For much of his adult life, he lived as virtual recluse with his mother in a small two bedroom unit in Tweed Heads. Recently, he had become more outgoing, attending surfing functions and receiving visitors.
Thankfully, Michael lived long enough to celebrate the 50th anniversary of his beloved Kirra Surfriders Club, where he stood alongside two time world champ Mick Fanning to mark the milestone.
I was fortunate enough to have the opportunity to interview Michael back in 1992. His mother Joan approached me at Bells Beach, after Michael had just been inducted into the Surfing Hall of Fame, a long overdue honour. MP had been passed over for years because the powers that be were too squeamish to acknowledge the less wholesome elements of his story. Finally, he had received his due recognition.
Michael wasn’t there to accept his award but Joan wanted me to meet him and tell his story so a new generation of surfers could come to appreciate his legacy.
“The young ones never see him. They only hear of him and people say all kinds of stories. I want people to know what he is really like, that he is in the land of the living,” Joan told me.
I arrived at their small brick unit in the quiet back streets of South Tweed Heads, nervously clutching a bundle of surfing magazines as a rather inadequate offering.

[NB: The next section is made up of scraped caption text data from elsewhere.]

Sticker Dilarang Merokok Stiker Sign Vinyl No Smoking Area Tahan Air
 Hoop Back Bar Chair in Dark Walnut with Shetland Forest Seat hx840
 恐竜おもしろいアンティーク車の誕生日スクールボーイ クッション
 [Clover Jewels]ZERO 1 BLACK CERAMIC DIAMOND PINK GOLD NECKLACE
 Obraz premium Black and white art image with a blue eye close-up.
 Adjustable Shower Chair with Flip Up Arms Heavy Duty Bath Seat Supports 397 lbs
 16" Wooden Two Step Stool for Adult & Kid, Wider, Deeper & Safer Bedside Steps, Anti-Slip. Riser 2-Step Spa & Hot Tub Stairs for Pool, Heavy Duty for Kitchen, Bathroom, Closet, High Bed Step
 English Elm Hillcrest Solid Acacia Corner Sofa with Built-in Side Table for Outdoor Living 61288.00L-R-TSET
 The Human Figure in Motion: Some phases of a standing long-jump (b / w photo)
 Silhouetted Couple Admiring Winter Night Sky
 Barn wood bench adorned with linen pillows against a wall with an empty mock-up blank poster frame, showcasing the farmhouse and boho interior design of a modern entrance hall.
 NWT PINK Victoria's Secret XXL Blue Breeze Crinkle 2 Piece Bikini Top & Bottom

Michael shuffled slowly out of the shadows of his bedroom in slippers and tracksuits, emerging from the mists of history. He was more interested in leafing through the current surf magazines than regaling me with stories of his glorious past.
“I go down the beach and I don’t get hassles from anyone. They don’t say anything to me,” he told me. “When my brother, when he’s down there with his girlfriend they all say, how’s Michael going? Where’s he gone? When he’s going to get back in the surf? When I go out no one says anything to me. It’s weird like that.”
He’d often watch the waves from the top of Kirra Hill but seemed dismissive of the modern era of surfing.
“It was more of an art in the ‘70s. Now it’s all slash, bang, crash, see ya’ next time.”
And he seemed in no doubt about the magnitude of his own talent. “Show him that cutback,” he told his mum with urgency as she flicked through a family photo album. “”That’s the way we were surfing, jamming out all over the place, know what I mean? That was a classy cutback, have a go at it. That one, for those days, look at the track behind it.”
But he was most lucid on the subject of surfboards – a fact reinforced when I watched Andrew Kidman’s recent film, Lost In The Ether. It strikes me that MP’s intuitive genius as surfboard designer and shaper, born of a need to keep up with his outlandish visions of where he could go on a wave, has been widely overlooked.
“A lot of surfers didn’t have good boards. Back in those days they were all falling off all over the place, so I thought that’s the best way to do it. Organise a good board that didn’t play around, did all the right turns, all the right manoeuvres, re-entries, cutbacks, without fouling up. That took a lot of work but that’s what I worked on and that’s what I got.”